About the author

Kristina Olsson


About the book


Judges' report


Kristina Olsson’s story of her half-brother Peter, stolen by his father from his mother’s arms, is a beautifully understated family memoir in which the writer barely features: this is the story of Peter and his mother. Told compassionately and even-handedly, it follows Peter from his birth in 1948 through a difficult childhood of abuse, illness and homelessness, a gradual finding of his adult feet, an eventual reunion with his mother, and its less than happy aftermath. It also tracks the life of Peter and Kristina’s mother, Yvonne, showing her caught up in a situation she could neither understand nor control.

The book reflects the social history of Australia in the 1950s: the lack of accountability in cases of domestic violence, the tolerance of gambling, the lack of freedom that was women’s lot in the decade before the Pill and the rise of second-wave feminism, the ravages of the polio epidemic.
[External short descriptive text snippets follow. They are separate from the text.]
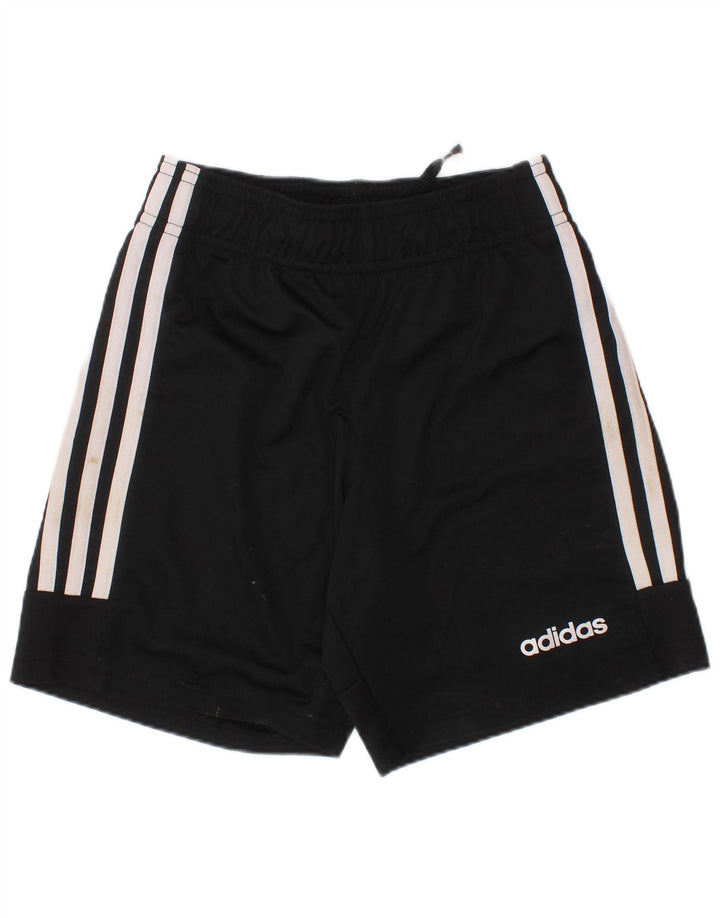 ADIDAS Boys Climalite Sport Shorts 7-8 Years  Black Polyester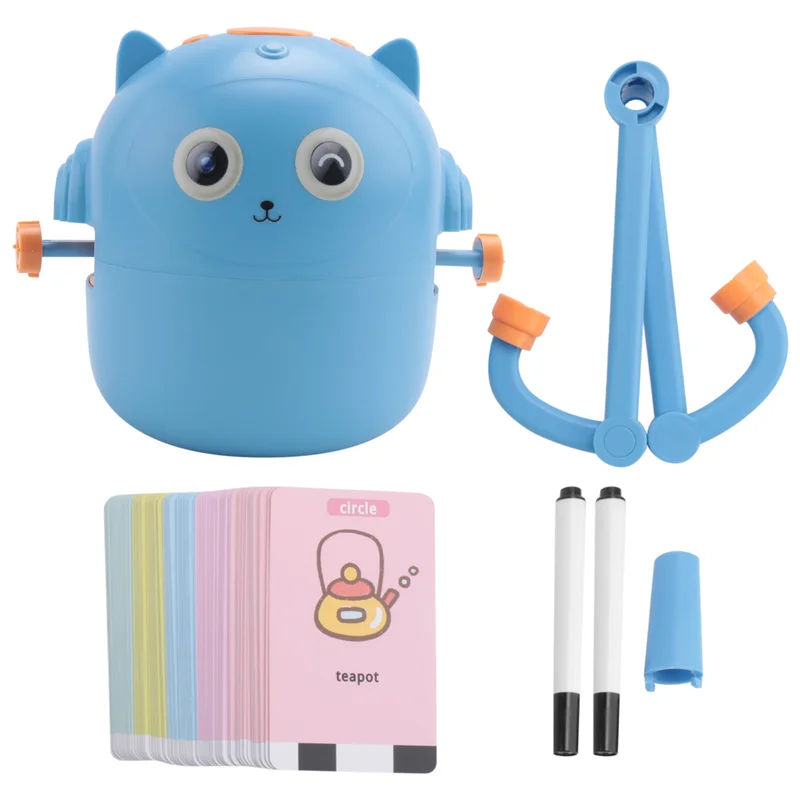 A23F-New Children's Interactive Education Painting Robot -Montessori Learning Toys, With 100 Words Cards, Voice Interaction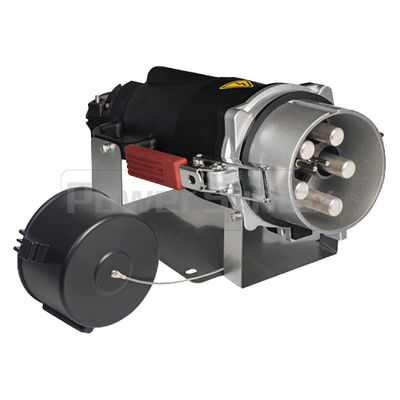PowerSyntax 4P 630 Amp IP67 400V Heavy Duty High Current Industrial Plugs Wall Mounted Straight Type Part No. 75338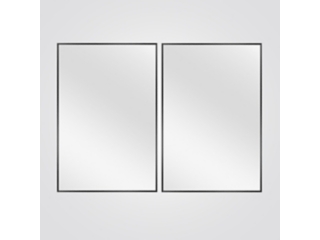 Feronia Rectangular Bathroom Wall Mirrors Set of 2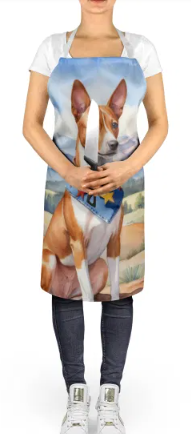 Basenji - Welcome Cowboy Apron for Cooking, Baking and Crafts for Adult Women and Men - Unisex Large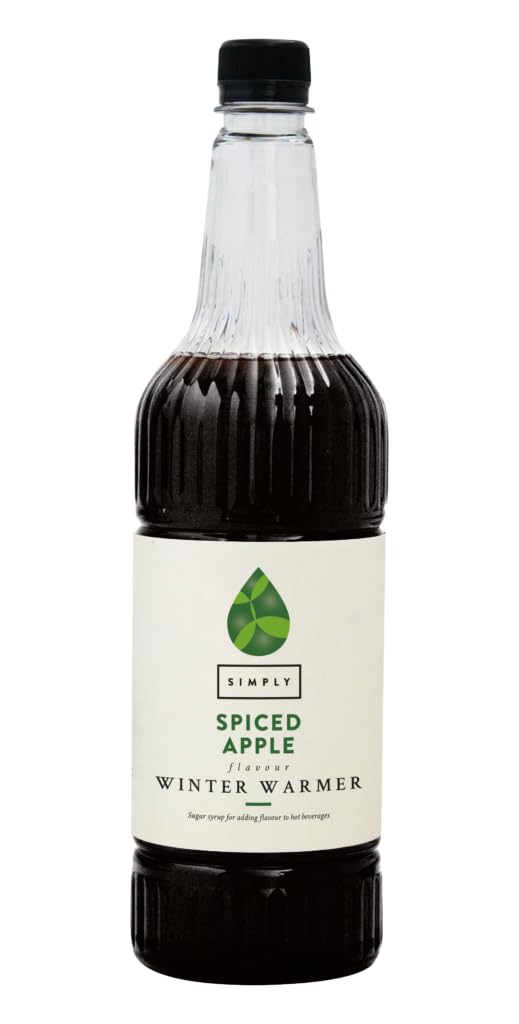 Simply Spiced Apple Winter Warmer Syrup - Vegan, Nut Free, 1L Bottle 1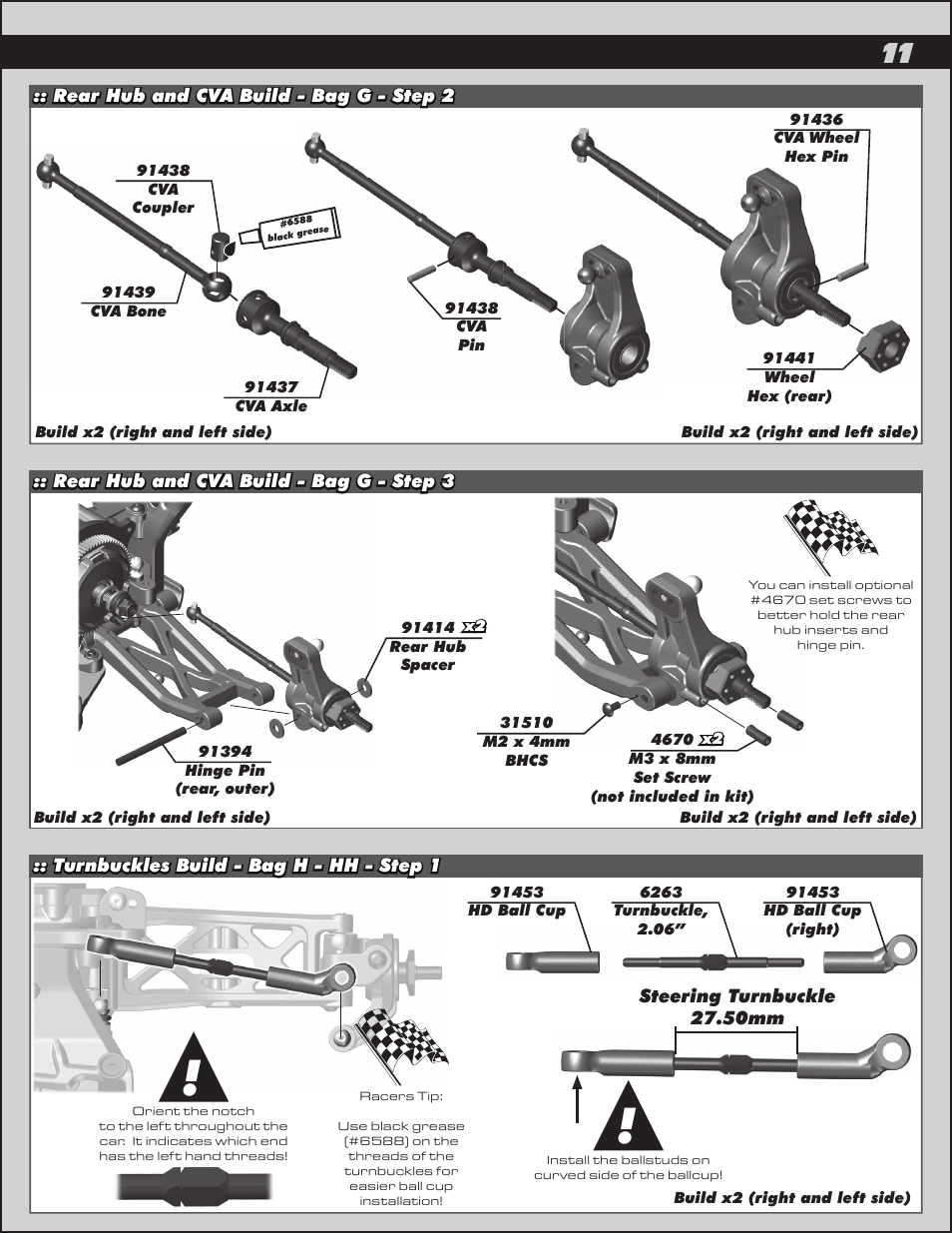 Team Associated RC10B5M User Manual | Page 11 / 34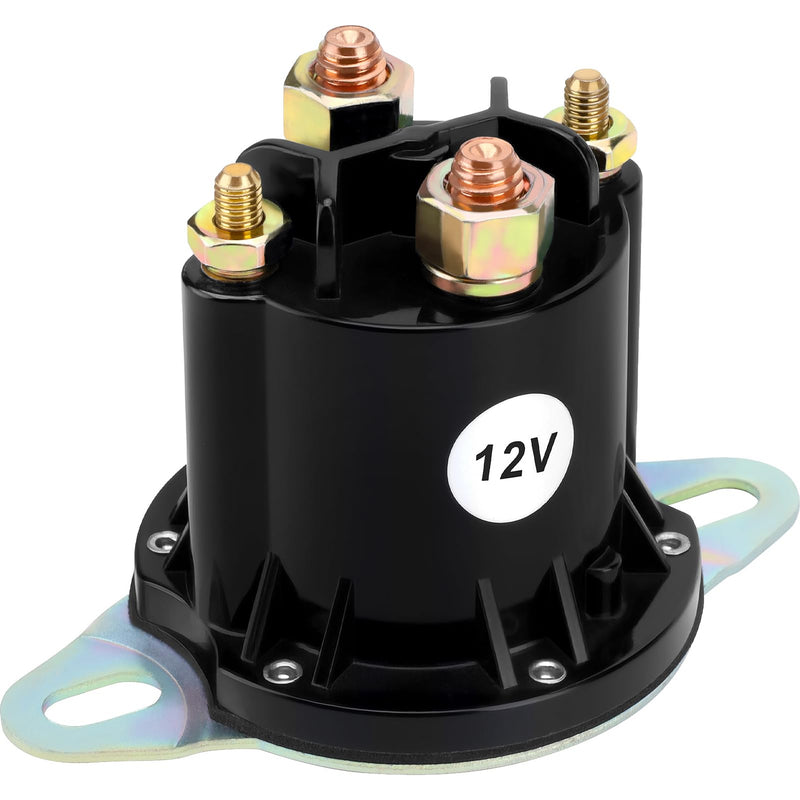12V 150A Starter Solenoid Relay for Trombetta 684-1221-012 Western Snow Plow 56131K 56134 25634 Fisher 5794 5794K-1 Boss HYD01633 Buyers 16160410 1306317 Powerseal DC Contactor Continuous 4 Terminals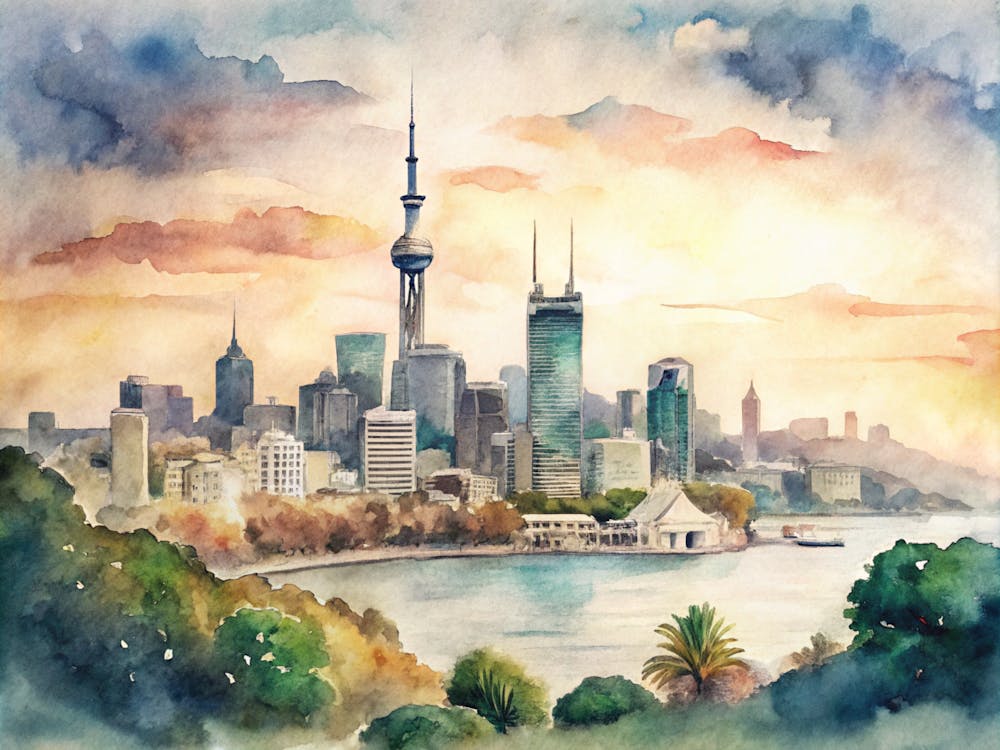 Auckland Skyline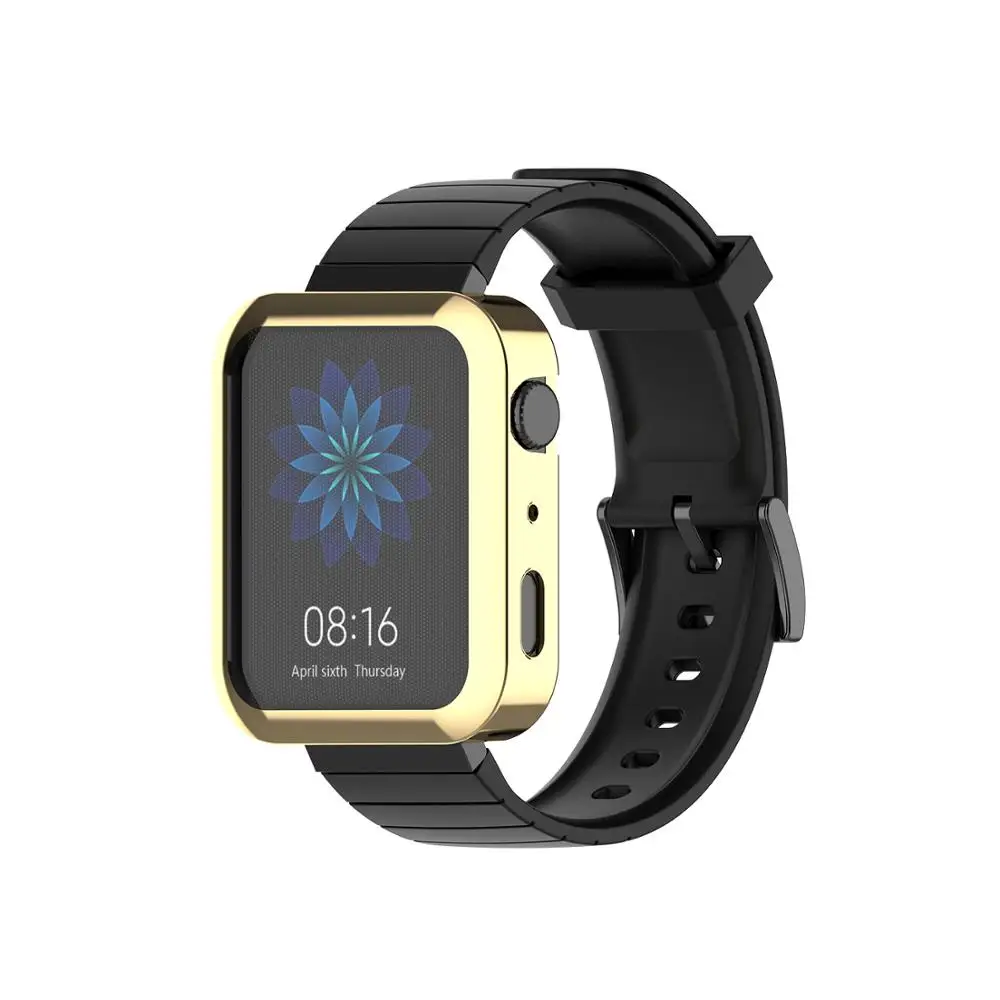 Чехол для часов Xiaomi Mi Smart Watch цветной ультратонкий Гальванизированный чехол из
Peter’s childhood is shaped first by the cultural tensions of a Greek–Australian marriage in the wave of postwar immigration, and then by the effects of polio, which he contracts only a couple of years before the availability of the vaccine that would have saved him. Much of the power of this book lies in the way that it reflects the fates of all children lost to a parent or parents, whether through familial dysfunction, government policy or personal tragedy, and that lifts it beyond the level of merely personal memoir to give it some of the force of fable and folktale.